Below are entries. Copy exactly the lines running from the line that holds "Black Battery Mount" to the line that holds "BIRTH OF ROYAL", with both ends included.
**** RECORDS TO USE ****
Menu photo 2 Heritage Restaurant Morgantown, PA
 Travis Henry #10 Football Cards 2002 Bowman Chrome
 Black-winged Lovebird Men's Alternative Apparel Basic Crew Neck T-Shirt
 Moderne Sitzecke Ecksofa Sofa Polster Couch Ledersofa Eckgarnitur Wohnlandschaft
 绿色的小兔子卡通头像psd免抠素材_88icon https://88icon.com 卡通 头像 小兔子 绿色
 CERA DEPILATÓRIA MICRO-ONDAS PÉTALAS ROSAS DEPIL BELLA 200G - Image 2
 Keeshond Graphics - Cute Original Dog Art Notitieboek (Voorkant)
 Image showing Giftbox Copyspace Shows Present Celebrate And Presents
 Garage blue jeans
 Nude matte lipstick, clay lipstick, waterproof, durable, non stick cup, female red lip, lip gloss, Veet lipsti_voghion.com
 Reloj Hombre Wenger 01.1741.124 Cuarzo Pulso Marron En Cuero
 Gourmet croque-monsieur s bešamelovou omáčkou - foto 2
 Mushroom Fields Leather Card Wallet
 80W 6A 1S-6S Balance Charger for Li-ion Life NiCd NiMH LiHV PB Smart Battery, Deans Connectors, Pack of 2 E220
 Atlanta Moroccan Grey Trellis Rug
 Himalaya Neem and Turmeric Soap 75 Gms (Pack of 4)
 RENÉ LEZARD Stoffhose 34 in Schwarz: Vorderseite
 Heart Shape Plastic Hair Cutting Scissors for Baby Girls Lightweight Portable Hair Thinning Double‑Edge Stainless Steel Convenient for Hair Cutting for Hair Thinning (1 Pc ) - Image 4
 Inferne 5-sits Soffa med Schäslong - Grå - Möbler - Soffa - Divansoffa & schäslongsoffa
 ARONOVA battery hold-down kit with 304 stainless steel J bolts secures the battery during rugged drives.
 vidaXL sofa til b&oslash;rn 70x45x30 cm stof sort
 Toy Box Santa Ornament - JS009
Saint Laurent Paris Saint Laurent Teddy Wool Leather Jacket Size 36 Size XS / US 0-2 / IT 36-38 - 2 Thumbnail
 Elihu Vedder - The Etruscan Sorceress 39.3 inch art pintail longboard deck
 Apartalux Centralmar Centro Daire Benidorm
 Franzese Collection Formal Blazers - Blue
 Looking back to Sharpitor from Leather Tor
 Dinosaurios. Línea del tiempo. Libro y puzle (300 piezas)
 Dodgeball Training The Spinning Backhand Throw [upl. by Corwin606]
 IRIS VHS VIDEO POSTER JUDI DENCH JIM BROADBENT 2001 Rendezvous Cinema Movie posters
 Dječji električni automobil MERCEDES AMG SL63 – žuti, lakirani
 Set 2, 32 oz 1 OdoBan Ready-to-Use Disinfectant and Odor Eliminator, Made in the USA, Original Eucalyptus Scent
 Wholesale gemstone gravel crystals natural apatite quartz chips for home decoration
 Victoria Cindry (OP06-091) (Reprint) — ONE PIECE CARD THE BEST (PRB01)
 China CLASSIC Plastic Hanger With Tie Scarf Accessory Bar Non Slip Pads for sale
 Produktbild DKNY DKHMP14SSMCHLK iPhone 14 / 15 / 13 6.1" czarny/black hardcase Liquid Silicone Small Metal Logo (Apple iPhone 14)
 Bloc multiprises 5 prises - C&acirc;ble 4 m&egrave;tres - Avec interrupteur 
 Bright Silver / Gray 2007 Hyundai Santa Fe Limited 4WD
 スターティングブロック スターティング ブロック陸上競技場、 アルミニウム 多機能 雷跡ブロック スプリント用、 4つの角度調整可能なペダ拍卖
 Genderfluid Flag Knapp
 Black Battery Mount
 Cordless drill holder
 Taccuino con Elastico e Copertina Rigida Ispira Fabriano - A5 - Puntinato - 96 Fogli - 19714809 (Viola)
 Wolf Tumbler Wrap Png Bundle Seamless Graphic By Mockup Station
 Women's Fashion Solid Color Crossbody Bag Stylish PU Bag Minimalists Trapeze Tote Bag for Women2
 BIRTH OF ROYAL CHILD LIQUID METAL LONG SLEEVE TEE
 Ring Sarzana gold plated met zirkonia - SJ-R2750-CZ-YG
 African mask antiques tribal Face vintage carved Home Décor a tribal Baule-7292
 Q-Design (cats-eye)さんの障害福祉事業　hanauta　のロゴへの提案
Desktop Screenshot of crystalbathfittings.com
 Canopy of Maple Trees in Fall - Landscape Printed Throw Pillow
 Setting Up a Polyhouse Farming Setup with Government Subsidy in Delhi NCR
****
SOLUTION FOR THIS PROBLEM
 Black Battery Mount
 Cordless drill holder
 Taccuino con Elastico e Copertina Rigida Ispira Fabriano - A5 - Puntinato - 96 Fogli - 19714809 (Viola)
 Wolf Tumbler Wrap Png Bundle Seamless Graphic By Mockup Station
 Women's Fashion Solid Color Crossbody Bag Stylish PU Bag Minimalists Trapeze Tote Bag for Women2
 BIRTH OF ROYAL CHILD LIQUID METAL LONG SLEEVE TEE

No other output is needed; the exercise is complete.